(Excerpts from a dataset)
"""
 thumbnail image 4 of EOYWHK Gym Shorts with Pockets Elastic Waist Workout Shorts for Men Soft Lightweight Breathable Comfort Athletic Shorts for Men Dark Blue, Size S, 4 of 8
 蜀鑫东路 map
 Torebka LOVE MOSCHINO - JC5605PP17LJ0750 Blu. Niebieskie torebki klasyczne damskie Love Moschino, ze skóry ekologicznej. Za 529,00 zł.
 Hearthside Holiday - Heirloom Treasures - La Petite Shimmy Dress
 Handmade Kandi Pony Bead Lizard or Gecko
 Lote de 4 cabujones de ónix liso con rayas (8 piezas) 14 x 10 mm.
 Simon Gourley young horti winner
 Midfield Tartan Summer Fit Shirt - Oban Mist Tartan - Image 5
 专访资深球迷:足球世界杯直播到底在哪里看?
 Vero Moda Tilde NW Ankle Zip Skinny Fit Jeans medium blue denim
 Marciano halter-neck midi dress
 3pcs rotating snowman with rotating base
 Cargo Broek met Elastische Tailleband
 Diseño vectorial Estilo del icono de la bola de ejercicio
"""
### Work item:
Reproduce the lines of the records exactly, from the first one through the line that contains "Vero Moda Tilde".

### Exercise solution:
 thumbnail image 4 of EOYWHK Gym Shorts with Pockets Elastic Waist Workout Shorts for Men Soft Lightweight Breathable Comfort Athletic Shorts for Men Dark Blue, Size S, 4 of 8
 蜀鑫东路 map
 Torebka LOVE MOSCHINO - JC5605PP17LJ0750 Blu. Niebieskie torebki klasyczne damskie Love Moschino, ze skóry ekologicznej. Za 529,00 zł.
 Hearthside Holiday - Heirloom Treasures - La Petite Shimmy Dress
 Handmade Kandi Pony Bead Lizard or Gecko
 Lote de 4 cabujones de ónix liso con rayas (8 piezas) 14 x 10 mm.
 Simon Gourley young horti winner
 Midfield Tartan Summer Fit Shirt - Oban Mist Tartan - Image 5
 专访资深球迷:足球世界杯直播到底在哪里看?
 Vero Moda Tilde NW Ankle Zip Skinny Fit Jeans medium blue denim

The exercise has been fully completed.